== Problem ==
Set down every record below exactly as written, but leave out the pictures.

== Given records ==
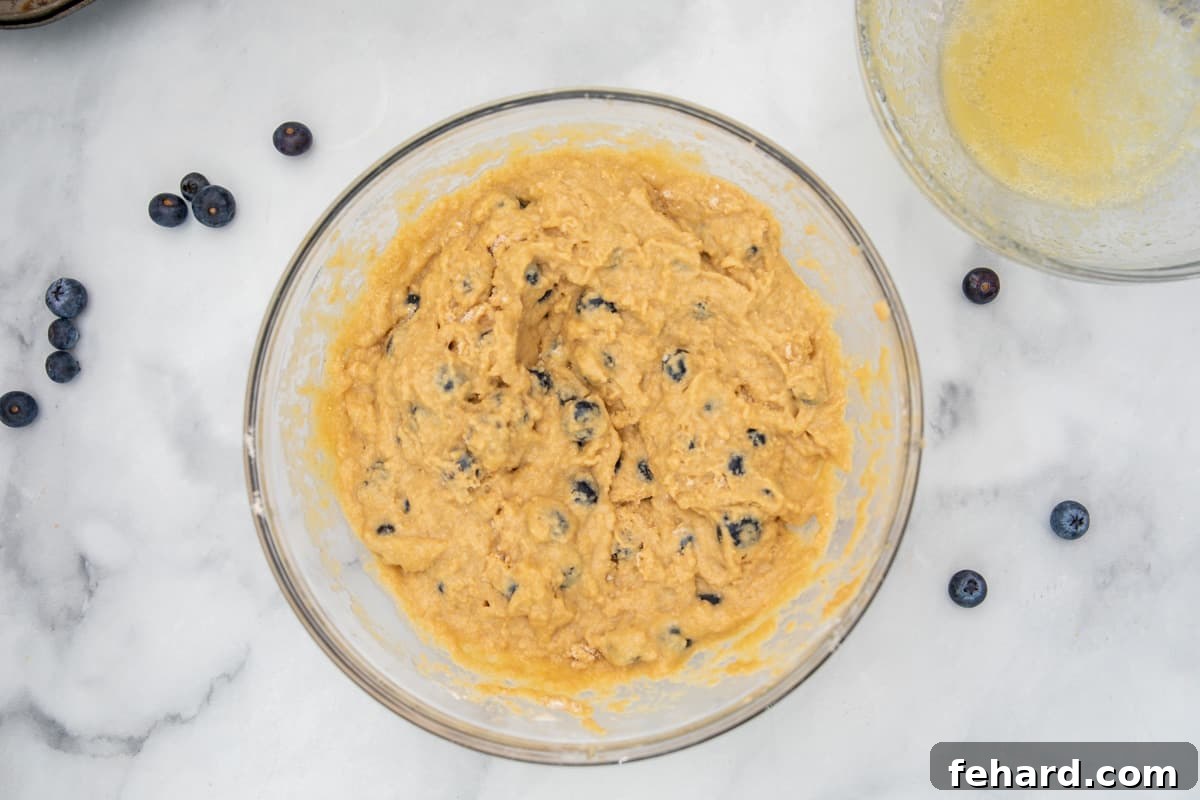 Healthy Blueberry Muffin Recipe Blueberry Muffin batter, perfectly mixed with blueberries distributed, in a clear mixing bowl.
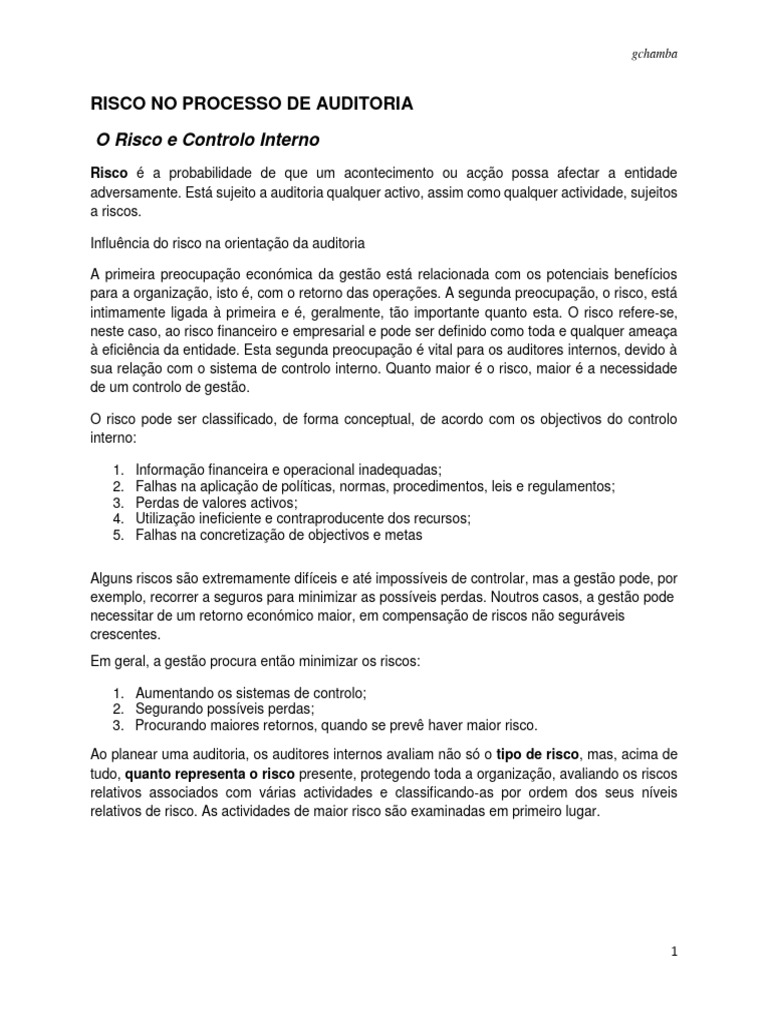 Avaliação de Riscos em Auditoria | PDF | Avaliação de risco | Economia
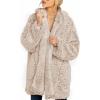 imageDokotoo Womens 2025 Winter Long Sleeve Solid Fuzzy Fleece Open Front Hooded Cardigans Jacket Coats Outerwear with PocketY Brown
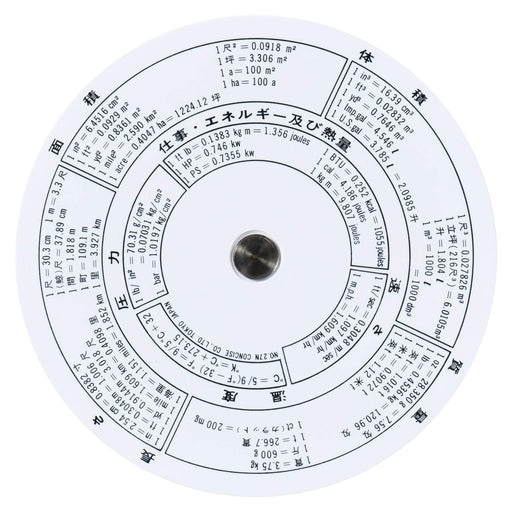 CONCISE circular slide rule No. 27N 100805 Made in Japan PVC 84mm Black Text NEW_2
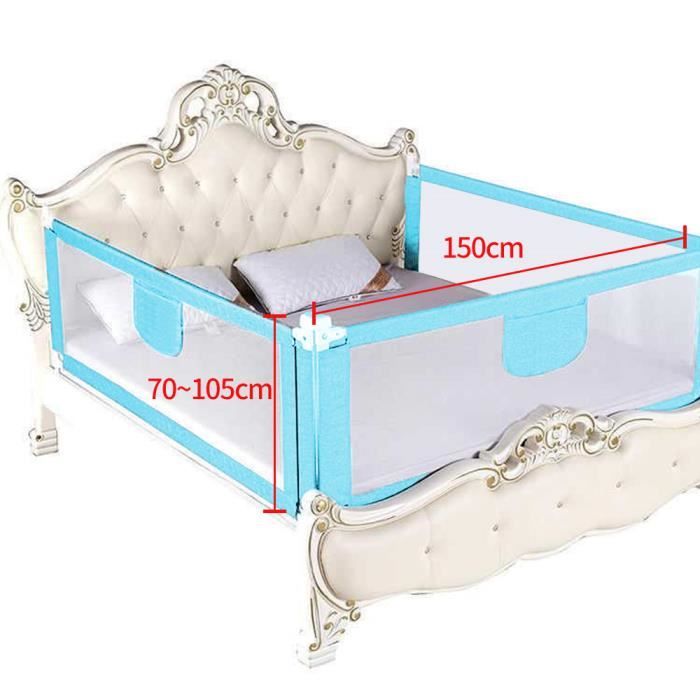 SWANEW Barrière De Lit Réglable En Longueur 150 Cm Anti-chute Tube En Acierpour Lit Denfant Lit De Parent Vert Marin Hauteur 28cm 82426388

== Solution for this exercise ==
 Healthy Blueberry Muffin Recipe Blueberry Muffin batter, perfectly mixed with blueberries distributed, in a clear mixing bowl.
 Avaliação de Riscos em Auditoria | PDF | Avaliação de risco | Economia
 imageDokotoo Womens 2025 Winter Long Sleeve Solid Fuzzy Fleece Open Front Hooded Cardigans Jacket Coats Outerwear with PocketY Brown
 CONCISE circular slide rule No. 27N 100805 Made in Japan PVC 84mm Black Text NEW_2
 SWANEW Barrière De Lit Réglable En Longueur 150 Cm Anti-chute Tube En Acierpour Lit Denfant Lit De Parent Vert Marin Hauteur 28cm 82426388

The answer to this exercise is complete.